Wahiba Khiari

Mille et une Tunisie : Qu’est-ce que signifie pour vous le Prix Senghor obtenu ?

Wahiba Khiari: C’est pour moi une victoire de la littérature. Cela veut dire qu’au-delà du drame dont traite le livre, il y a un texte dont on vient de reconnaître la qualité. « Nos silences » a plusieurs niveaux de lecture, je le voulais accessible à tous, il a aussi des connivences avec le peuple algérien, mais ce n’est pas un témoignage. Ecrire sur le silence, c’est donner corps aux émotions.

Mille et une Tunisie : C’est ce qui vous a guidée dans votre volonté d’un style toujours délicat ?
Wahiba Khiari: Il est facile de décrire des scènes d’horreur, on peut écrire des pages et des pages sur le sujet, et ce n’est pas la matière qui me manquait. Mais ce n’était pas mon objectif, au contraire. J’ai fait le choix de miser sur la langue, d’alterner deux voix de femmes, chacune venant atténuer ou renforcer celle qui la précède, comme une respiration, pour permettre au lecteur de souffler quand il en a besoin, de vivre les émotions au rythme de sa propre lecture. J’ai surtout évité la facilité parce que je crois en l’intelligence du lecteur. En refusant de salir les mots, j’ai aussi voulu être fidèle à la pudeur de ces femmes, à la pudeur de la souffrance.

Mille et une Tunisie : Nos silences ne comportent ni de dates ni de noms de lieux…

Wahiba Khiari: La douleur est universelle, les femmes ont toujours été violentées, violées, en temps de guerre ou de paix, partout dans le monde. Les silences dont je parle ne sont pas propres aux femmes algériennes.

Mille et une Tunisie : Votre livre parle aussi de culpabilité, de votre culpabilité, comme celle que vivent les survivants d’une catastrophe.
Wahiba Khiari: Ecrire sur un drame peut aider à se décharger de la culpabilité d’avoir échappé à ce même drame, mais il y a parfois une autre culpabilité qui apparait, lorsqu’on est récompensé pour ce qu’on a écrit. On se demande quel mérite il y a à écrire le malheur des autres, et si on a le droit d’en faire de la littérature. D’un autre côté, il faut bien échapper au drame pour parler de ceux qui y sont restés, et si le Prix Senghor est une consécration de la littérature, il est aussi un hommage à ces filles et à leurs blessures.

Mille et une Tunisie : Et votre rencontre avec la Tunisie, où vous vivez maintenant ?
Wahiba Khiari: La Tunisie ? « Cette terre est une charmeuse capable de vous endormir dans son sein avec un seul de ses soupirs. J’ai su dès le jour de mon arrivée qu’elle allait me posséder. » Je l’ai écrit dans mon roman et je le pense, la Tunisie m’a offert le bonheur, l’amour, et m’a quelque part réconciliée avec ma mère patrie.

Mille et une Tunisie : Y a-t-il un prochain roman sur le métier ?

Wahiba Khiari: Oui, mais j’avoue que j’en suis encore au fils de chaîne.
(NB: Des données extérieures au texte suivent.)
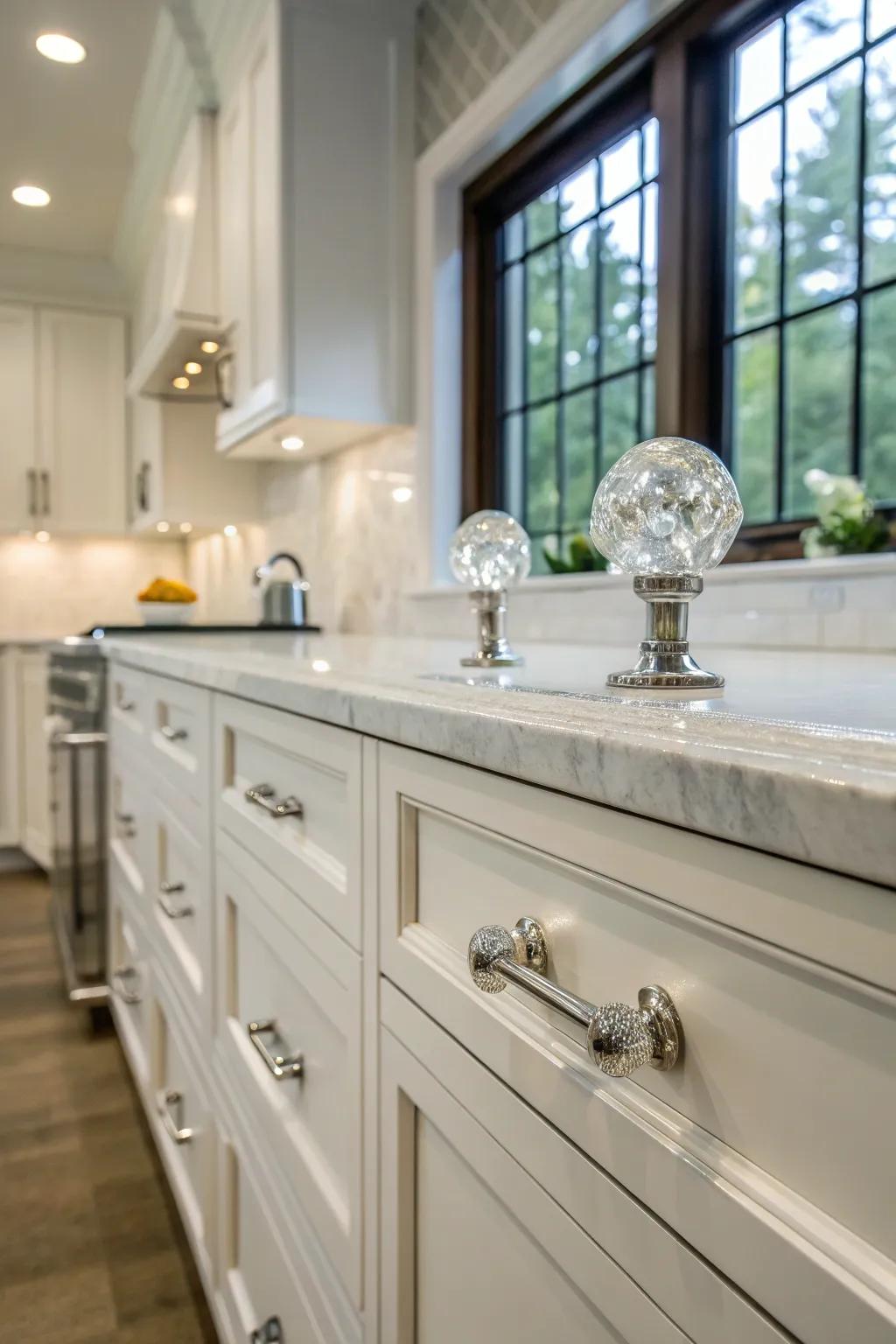 Glass handles add sparkle and elegance to kitchen cabinets.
La trame viendra. Il est très difficile de se lancer dans un deuxième roman après avoir ému tant de lecteurs. J’ai peur de décevoir, tout simplement. Mais j’avoue aussi que ce Prix m’encourage à écrire encore et toujours.

Propos recuillis par Mireille Pena

« Nos silences », Wahiba Khiari, éditions Elyzad, août 2009, www.elyzad.com « Nos Silences » est sélectionné pour le prix Ulysse du Premier Roman 2010, qui sera remis à la soirée de clôture du Festival Arte Mare, à Bastia, le 27 Novembre 2010.